(i) Start with the left-hand side (LHS):

\(\tan x + \frac{1}{\tan x} = \frac{\sin x}{\cos x} + \frac{\cos x}{\sin x}\)

Combine the fractions:

\(= \frac{\sin^2 x + \cos^2 x}{\sin x \cos x}\)

Using the identity \(\sin^2 x + \cos^2 x = 1\), we have:

\(= \frac{1}{\sin x \cos x}\)

Thus, the identity is proven.

(ii) Given equation:

\(\frac{2}{\sin x \cos x} = 1 + 3 \tan x\)

Using part (i), substitute \(\frac{2}{\sin x \cos x} = 2 \left( \tan x + \frac{1}{\tan x} \right)\):

\(2 \left( \tan x + \frac{1}{\tan x} \right) = 3 \tan x + 1\)

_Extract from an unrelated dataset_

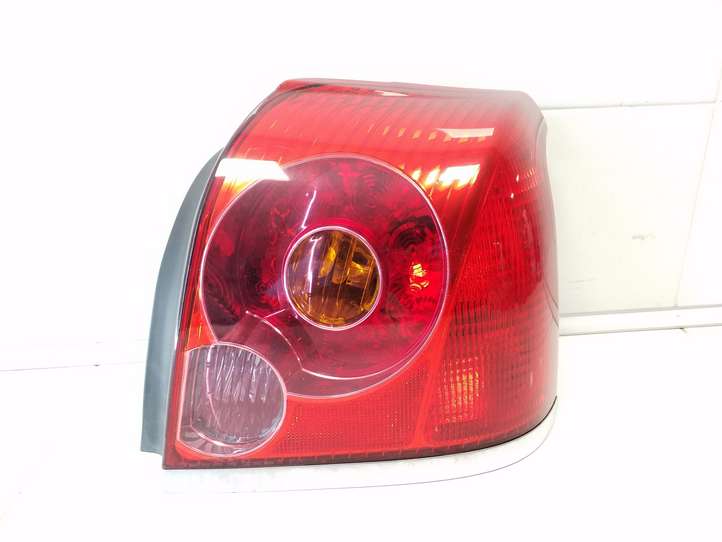 Toyota Avensis T250 (2006 - 2009)  8155005140 Задний фонарь в кузове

Multiply through by \(\tan x\):

\(2 \tan^2 x + 2 = 3 \tan x + \tan x\)

Rearrange to form a quadratic equation:

\(2 \tan^2 x + \tan x - 2 = 0\)

Solving the quadratic equation, we find:

\(\tan x = 1\) or \(\tan x = -2\)

For \(\tan x = 1\), \(x = 45^\circ\).

For \(\tan x = -2\), \(x = 116.6^\circ\).